I. Standard of Review
¶ 12 Our standard of review of a trial court's ruling on a defendant's motion for appropriate relief ("MAR") is "whether the findings of fact are supported by evidence, whether the findings of fact support the conclusions of law, and whether the conclusions of law support the order entered by the trial court." State v. Stevens, 305 N.C. 712, 720, 291 S.E.2d 585, 591 (1982). "When a trial court's findings on a motion for appropriate relief are reviewed, these findings are binding if they are supported by competent evidence and may be disturbed only upon a showing of manifest abuse of discretion. However, the trial court's conclusions are fully reviewable on appeal." State v. Lane, 271 N.C.App. 307, 311, 844 S.E.2d 32, 37 (citation omitted), disc. review denied and cert. dismissed, 376 N.C. 540, 851 S.E.2d 624 (2020).
II. Procedural Default
¶ 13 N.C. Gen. Stat. § 15A-1419(a) (2021) provides, inter alia, the following procedural bars to the assertion of a criminal defendant's MAR, rendering the MAR subject to mandatory procedural default:
(1) Upon a previous motion made pursuant to this Article, the defendant was in a position to adequately raise the ground or issue underlying the present motion but did not do so. This subdivision does not apply when the previous motion was made within 10 days after entry of judgment or the previous motion was made during the pendency of the direct appeal.
(2) The ground or issue underlying the motion was previously determined on the merits upon an appeal from the judgment or upon a previous motion or proceeding in the courts of this State or a federal court, unless since the time of such previous determination there has been a retroactively effective change in the law controlling such issue.N.C. Gen. Stat. § 15A-1419(a)(1)-(2) (emphases added).

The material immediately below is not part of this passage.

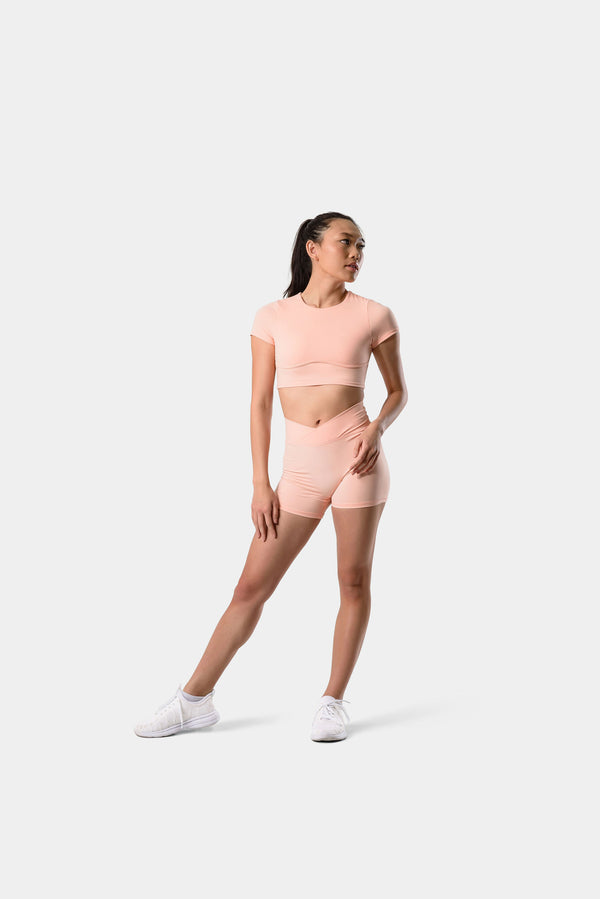 FeatherLite Enhance Wrapped Shorts - Peach Bud
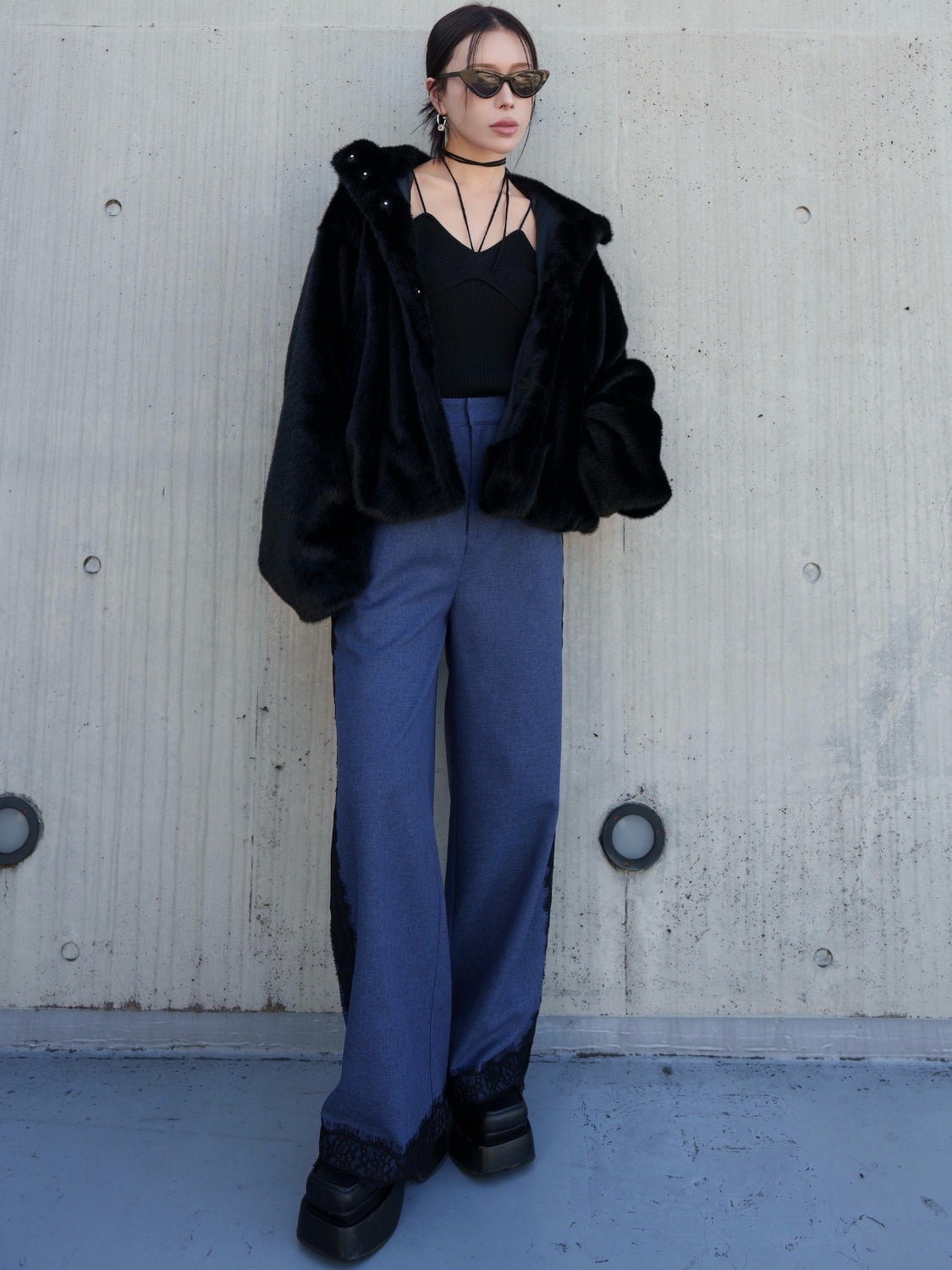 ストラップ ネック KNIT トップス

¶ 14 "The court shall deny the motion under any of the circumstances specified in this section . . . ." Id. § 15A-1419(b) (emphasis added). However, procedural default is unwarranted where the defendant can show: "(1) [g]ood cause for excusing the grounds for denial listed in subsection (a) of this section and can demonstrate actual prejudice resulting from the defendant's claim; or (2) [t]hat failure to consider the defendant's claim will result in a fundamental miscarriage of justice." Id. § 15A-1419(b)(1)-(2).
¶ 15 Here, the State contends that Defendant was procedurally barred pursuant to N.C. Gen. Stat. § 15A-1419(a) from advancing the issues presented in his 2019 MAR because the issues were raised or could have been raised in his previous MARs. Defendant asserts that the 2019 MAR was the only MAR that he filed; he argues that the Undated Letter MAR was not actually an MAR because there is no evidence that Defendant ever filed it or served it upon the State, and the Transcript Letter MAR was merely a request for a transcript.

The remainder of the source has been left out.